Is it the brain of your art, or the art of your brain? A drawing of stellate neurons in the cerebellum looks like delicate pieces of thyme, attached and crossing over themselves in serendipitous ways. A structure of neurons floats on a page, like bobbing seaweed-esque alien blobs.

These are scientific renderings of the human brain that artist/scientist Santiago Ramón y Cajal drew nearly 100 years ago. Many of the drawings look like forms that could been encountered in the forest. Eighty of Cajal's 2,900 brain-y drawings are on display at the Weisman Art Museum as part of the traveling exhibition "The Beautiful Brain," on view through May 21.

Considered the father of modern-day neuroscience, Cajal sought to answer deep questions about the brain through his research, which also made its way into his drawings. The exhibition was organized in collaboration with three University of Minnesota neuroscientists, Drs. Eric Newman, Alfonso Araque and Janet Dubinsky. Before taking his position at the U, Araque was at the Instituto Cajal in Madrid, where Cajal worked and his drawings are stored (the central nervous system, so to speak).

Cajal began his career as an artist. At an early age, he obsessively and constantly drew everything around him, and also collected things he found around him and in nature, such as birds, eggs and nests. The exhibition outlines this fact, but the focus is on the drawings themselves. He also had a notable surrealist influence, befriending artist Salvador Dalí and poet/playwright Federico García Lorca.

Though they're beautiful to gaze upon, at times it's hard to relate to these works if you don't understand the science behind them. But who needs to understand something to enjoy its beauty, truly?

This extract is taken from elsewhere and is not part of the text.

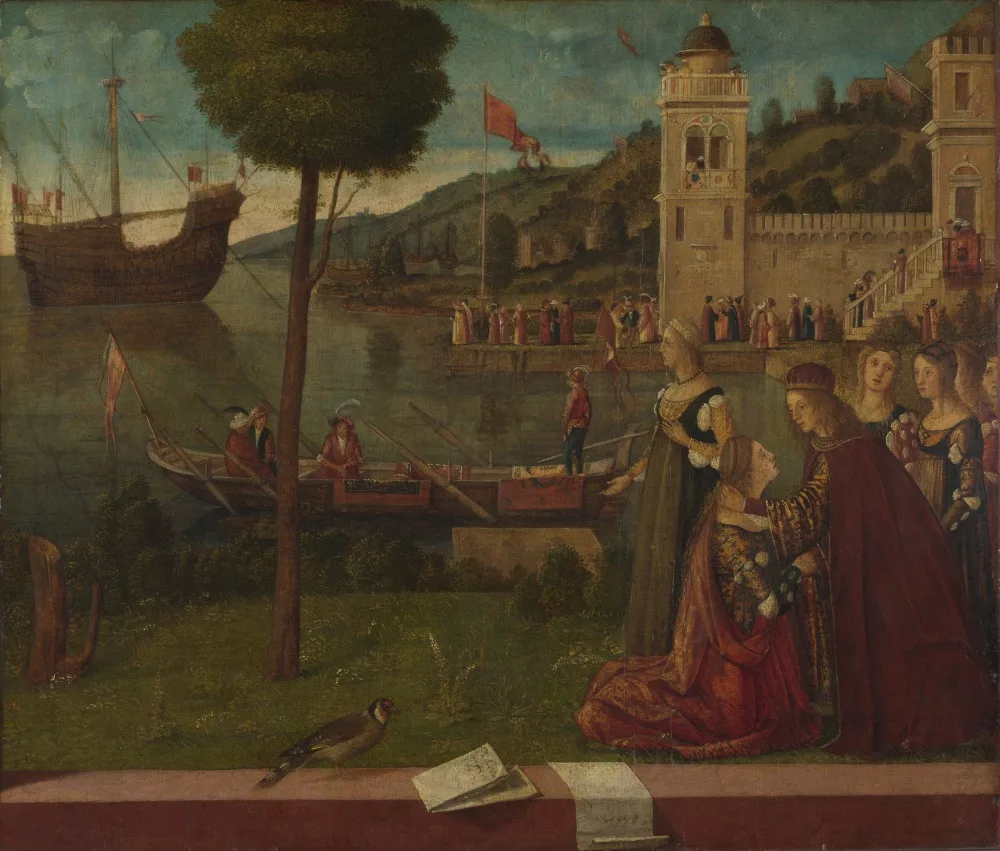 wholesale Famous oil painting Replica # London Museum Religious ART # vittore carpaccio - the departure of ceyx painting
wholesale Famous oil painting Replica # London Museum Religious ART # vittore carpaccio - the departure of ceyx painting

Drawings of neurons in the gut appear like dripping blips on the outside of a windshield, like water, dribbling their way down. On an aesthetic level, these enlargements of the teeny electric currents inside us are fascinating to see drawn out, rendered from microscopic slides and plates. These are depictions of lesser-seen forms that operate within our bodies.

The overlap of art and science that Cajal created through his work stands the test of time, much like the scientific legacy he left behind. The exhibition works on two levels: for the science fanatics who think about chemical reactions as more than just what happens between bodies and in pop songs, and for those who are less than well acquainted with deep cerebellum studies. (The cerebellum is the part of the brain, located in the back of the skull, that's in charge of muscular activity.)

Unlike other scientists of his time, Cajal was invested in the idea that the nervous system is made up of billions of separate nerve cells, eventually concluding that basic units of the nervous system were represented by what we now know as neurons. This breakthrough set up the principle of the nervous system. Cajal won a Nobel Prize in 1906 for his studies.

In an adjacent room, there's a plethora of brain renderings from contemporary scientists and artists, but they do not have the delicate antiquity of Cajal's masterpieces. It's a wonder that art and science don't meet as often. Just from walking through this exhibition, it's apparent that they are far more intertwined than meets the eye.